● **Task description**:
Please count the lines below that contain the word "panel", and reply with that number alone.

++++ Data for review ++++

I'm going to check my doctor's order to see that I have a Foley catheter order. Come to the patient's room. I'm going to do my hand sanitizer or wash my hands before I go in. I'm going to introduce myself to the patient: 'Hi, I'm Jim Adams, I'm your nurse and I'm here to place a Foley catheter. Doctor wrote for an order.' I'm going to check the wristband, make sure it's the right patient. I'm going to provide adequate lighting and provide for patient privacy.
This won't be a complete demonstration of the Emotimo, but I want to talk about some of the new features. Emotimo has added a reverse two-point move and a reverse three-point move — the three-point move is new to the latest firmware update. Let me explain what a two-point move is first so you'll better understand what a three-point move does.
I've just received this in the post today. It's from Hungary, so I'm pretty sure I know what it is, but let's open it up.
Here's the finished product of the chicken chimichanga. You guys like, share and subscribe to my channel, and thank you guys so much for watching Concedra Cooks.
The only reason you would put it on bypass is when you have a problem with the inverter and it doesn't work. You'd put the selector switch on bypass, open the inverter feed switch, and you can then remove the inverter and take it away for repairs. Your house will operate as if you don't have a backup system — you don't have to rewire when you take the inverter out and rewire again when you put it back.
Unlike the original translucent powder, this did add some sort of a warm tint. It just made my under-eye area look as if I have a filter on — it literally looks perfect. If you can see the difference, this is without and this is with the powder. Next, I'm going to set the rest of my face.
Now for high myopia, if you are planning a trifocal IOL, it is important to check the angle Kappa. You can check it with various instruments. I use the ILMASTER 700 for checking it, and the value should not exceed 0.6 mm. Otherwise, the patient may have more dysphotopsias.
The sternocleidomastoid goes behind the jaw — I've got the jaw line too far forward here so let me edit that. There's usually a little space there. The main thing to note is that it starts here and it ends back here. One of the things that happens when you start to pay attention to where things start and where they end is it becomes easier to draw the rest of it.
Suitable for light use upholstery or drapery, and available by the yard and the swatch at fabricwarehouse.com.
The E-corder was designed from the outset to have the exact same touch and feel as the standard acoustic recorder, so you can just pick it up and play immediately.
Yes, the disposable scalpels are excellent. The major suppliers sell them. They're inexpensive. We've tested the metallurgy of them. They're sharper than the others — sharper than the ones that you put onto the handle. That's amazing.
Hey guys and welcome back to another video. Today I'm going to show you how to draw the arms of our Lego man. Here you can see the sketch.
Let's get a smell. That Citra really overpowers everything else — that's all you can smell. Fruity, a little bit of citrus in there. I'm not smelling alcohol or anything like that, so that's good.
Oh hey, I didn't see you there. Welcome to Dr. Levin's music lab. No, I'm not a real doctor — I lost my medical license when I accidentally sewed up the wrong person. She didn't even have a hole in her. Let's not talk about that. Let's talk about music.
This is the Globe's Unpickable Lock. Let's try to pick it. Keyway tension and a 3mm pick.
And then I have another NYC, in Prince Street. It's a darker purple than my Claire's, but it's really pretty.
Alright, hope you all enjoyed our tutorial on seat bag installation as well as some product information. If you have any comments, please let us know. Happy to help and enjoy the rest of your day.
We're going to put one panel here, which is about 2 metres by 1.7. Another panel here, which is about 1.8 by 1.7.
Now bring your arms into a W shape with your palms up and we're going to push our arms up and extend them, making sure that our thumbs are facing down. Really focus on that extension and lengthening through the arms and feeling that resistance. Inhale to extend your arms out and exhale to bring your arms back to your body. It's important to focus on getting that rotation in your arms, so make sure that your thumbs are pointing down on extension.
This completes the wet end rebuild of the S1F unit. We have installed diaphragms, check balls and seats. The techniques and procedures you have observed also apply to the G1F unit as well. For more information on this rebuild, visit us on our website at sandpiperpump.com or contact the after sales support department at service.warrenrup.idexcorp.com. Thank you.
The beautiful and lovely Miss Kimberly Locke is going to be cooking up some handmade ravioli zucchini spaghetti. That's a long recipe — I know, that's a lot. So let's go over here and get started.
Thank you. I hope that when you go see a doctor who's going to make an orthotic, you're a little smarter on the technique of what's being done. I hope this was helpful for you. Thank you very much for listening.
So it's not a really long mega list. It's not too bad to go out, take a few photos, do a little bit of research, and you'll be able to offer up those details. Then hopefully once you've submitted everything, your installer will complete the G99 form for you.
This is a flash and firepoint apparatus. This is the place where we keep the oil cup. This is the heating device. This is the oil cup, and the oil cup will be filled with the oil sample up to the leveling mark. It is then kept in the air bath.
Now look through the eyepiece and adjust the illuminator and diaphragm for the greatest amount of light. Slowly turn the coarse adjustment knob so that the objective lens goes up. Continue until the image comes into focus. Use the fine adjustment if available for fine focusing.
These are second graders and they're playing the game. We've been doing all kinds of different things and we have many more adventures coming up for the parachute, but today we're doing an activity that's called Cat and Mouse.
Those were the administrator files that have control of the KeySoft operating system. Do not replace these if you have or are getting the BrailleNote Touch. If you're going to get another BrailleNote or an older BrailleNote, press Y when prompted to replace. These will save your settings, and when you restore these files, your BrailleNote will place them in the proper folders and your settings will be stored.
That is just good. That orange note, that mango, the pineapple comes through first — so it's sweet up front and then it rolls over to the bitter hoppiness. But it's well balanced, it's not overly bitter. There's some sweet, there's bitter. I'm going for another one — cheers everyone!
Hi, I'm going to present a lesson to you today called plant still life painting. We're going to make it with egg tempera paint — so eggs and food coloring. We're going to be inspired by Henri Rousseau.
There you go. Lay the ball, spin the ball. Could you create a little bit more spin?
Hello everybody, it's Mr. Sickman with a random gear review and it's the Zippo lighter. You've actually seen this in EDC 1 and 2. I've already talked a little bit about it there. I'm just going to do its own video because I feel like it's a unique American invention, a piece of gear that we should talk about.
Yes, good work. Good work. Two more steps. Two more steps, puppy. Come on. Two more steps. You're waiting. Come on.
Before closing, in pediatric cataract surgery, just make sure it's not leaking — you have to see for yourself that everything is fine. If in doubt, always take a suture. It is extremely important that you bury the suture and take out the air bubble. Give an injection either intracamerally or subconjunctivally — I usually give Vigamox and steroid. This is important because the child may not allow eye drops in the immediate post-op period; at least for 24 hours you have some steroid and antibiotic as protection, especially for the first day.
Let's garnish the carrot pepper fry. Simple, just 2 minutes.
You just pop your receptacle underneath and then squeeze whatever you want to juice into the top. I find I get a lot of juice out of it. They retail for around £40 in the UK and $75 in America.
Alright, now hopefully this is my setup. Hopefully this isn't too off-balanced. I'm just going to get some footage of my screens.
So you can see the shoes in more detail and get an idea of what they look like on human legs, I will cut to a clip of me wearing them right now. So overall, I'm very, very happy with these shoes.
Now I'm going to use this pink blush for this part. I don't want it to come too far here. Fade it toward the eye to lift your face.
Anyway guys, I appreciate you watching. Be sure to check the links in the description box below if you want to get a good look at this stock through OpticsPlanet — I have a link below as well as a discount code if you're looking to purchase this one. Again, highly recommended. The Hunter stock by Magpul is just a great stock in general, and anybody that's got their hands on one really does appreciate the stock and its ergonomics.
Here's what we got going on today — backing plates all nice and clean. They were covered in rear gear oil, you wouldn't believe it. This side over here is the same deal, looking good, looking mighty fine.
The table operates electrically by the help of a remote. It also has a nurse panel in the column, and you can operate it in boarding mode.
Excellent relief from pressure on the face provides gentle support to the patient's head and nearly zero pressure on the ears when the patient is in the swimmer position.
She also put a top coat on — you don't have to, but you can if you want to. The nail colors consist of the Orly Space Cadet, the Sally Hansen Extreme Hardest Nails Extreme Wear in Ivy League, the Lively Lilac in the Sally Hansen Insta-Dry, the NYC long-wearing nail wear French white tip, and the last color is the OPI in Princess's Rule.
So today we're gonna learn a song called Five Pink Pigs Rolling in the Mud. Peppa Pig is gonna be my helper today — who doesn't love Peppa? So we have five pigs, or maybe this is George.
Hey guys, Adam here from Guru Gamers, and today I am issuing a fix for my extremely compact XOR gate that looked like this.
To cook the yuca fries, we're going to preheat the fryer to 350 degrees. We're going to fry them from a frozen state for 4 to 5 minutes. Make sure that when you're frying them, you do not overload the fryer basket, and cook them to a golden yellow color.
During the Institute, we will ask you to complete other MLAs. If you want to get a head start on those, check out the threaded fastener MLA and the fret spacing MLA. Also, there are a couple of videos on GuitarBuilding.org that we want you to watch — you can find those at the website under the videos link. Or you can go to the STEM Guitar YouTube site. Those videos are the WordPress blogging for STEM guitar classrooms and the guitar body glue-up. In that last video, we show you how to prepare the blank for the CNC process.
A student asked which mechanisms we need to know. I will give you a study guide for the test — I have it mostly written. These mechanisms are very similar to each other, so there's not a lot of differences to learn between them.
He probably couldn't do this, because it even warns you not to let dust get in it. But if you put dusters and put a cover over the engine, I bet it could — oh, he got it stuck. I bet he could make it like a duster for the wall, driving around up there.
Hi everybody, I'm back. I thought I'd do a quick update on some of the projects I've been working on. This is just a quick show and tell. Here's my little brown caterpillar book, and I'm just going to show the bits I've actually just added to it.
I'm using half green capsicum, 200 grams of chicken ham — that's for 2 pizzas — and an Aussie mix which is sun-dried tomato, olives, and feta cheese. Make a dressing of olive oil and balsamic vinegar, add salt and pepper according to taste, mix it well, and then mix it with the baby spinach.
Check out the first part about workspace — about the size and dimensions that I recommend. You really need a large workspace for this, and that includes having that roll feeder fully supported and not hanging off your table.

++++

● **Solution**:
2